Directory traversal

What is directory traversal?

Directory traversal, also known as path traversal, is a cybersecurity term for a specific class of software security vulnerabilities. If a malicious hacker is able to access and view files located in the web server file system but outside of the web application’s document root folder, it means that the software has a directory traversal vulnerability.

Severity:⬛⬛⬜⬜⬜medium severity
Prevalence:⬛⬜⬜⬜⬜discovered rarely
Scope:⬛⬛⬜⬜⬜appears only in web-related software
Technical impact:access to sensitive information
Worst-case consequences:follow-up with other attacks
Quick fix:do not use filenames from user input

How does directory traversal work?

Source code files that make up a website or web application are located on a web server file system in a location that is called the web document root (web root folder). The primary document root usually contains subdirectories for each website and web application. For example, on a Linux/UNIX server with the Apache web server software, the default root folder is /var/www/ and on a Microsoft Windows server with IIS, the default document root is C:\inetpub\wwwroot.

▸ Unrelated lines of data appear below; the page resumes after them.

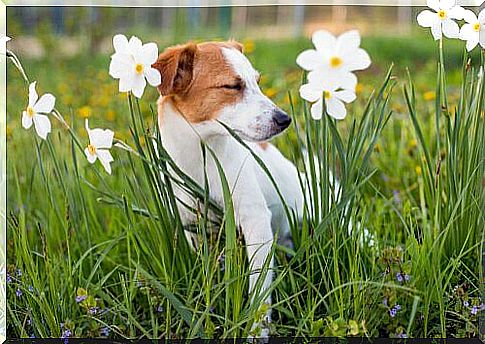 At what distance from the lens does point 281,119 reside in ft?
4.68

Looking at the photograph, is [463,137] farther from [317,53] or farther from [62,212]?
[62,212]

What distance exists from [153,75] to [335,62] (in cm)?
34

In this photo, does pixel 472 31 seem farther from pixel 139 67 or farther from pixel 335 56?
pixel 139 67

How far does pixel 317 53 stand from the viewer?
1254 mm

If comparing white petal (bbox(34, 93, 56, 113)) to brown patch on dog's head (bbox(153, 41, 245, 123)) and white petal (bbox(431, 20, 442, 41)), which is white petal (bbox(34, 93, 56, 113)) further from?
white petal (bbox(431, 20, 442, 41))

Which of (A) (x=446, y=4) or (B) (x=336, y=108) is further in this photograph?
(A) (x=446, y=4)

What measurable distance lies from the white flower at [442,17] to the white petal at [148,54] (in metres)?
0.50

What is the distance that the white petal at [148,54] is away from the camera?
4.57 feet

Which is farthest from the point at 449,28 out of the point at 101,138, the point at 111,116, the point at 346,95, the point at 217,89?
the point at 111,116

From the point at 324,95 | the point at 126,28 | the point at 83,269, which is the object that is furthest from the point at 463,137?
the point at 126,28

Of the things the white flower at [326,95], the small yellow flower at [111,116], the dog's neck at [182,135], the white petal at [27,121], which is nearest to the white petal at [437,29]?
the white flower at [326,95]

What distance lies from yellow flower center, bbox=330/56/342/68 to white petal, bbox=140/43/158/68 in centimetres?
32

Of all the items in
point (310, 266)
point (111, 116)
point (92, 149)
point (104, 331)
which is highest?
point (92, 149)

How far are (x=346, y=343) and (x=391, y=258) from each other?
0.63 ft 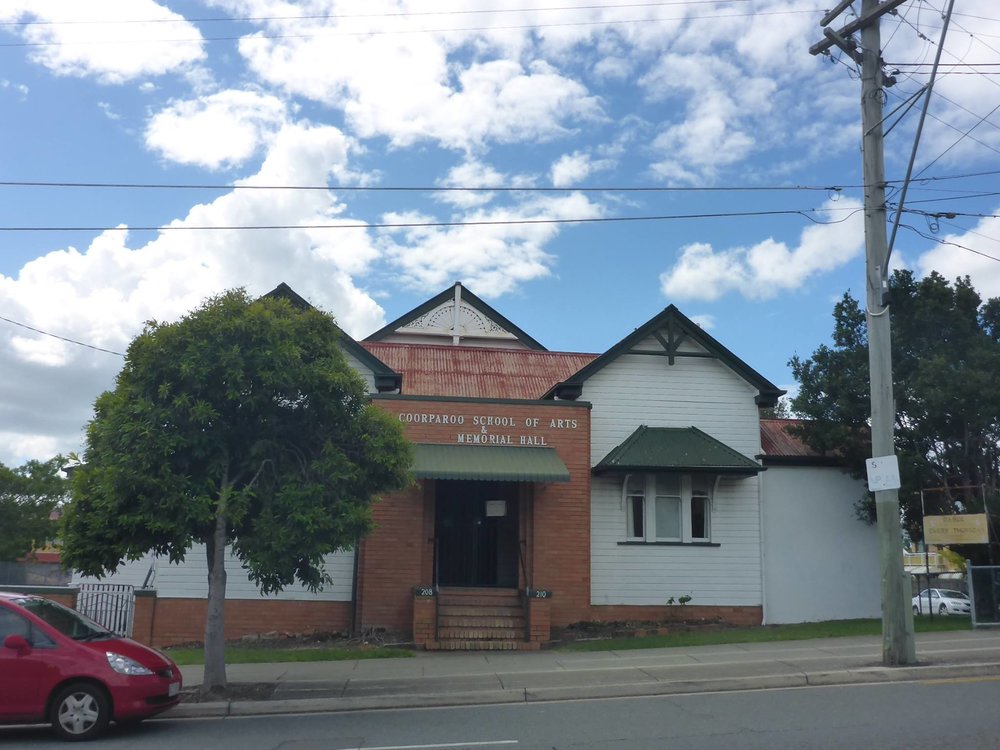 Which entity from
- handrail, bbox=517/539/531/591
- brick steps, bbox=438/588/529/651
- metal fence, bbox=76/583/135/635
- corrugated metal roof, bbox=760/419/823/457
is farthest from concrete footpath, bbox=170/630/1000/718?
corrugated metal roof, bbox=760/419/823/457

Developers sometimes need to write application code that directly accesses files stored somewhere in the document root directory or a subdirectory. For example, a developer may want to store images uploaded by users and then allow other users to display them. A user input parameter would then contain the image filename from /var/www/my_app/images/, and the application would open a particular image and display it on-screen.

Directory traversal vulnerabilities happen when a malicious user can include an arbitrary file path in user input and use special characters to access files from a different directory on the server. Special characters used for this are dot-dot-slash combinations: ../ for Linux/UNIX or ..\ for Windows. These combinations allow access to parent directories from a relative path.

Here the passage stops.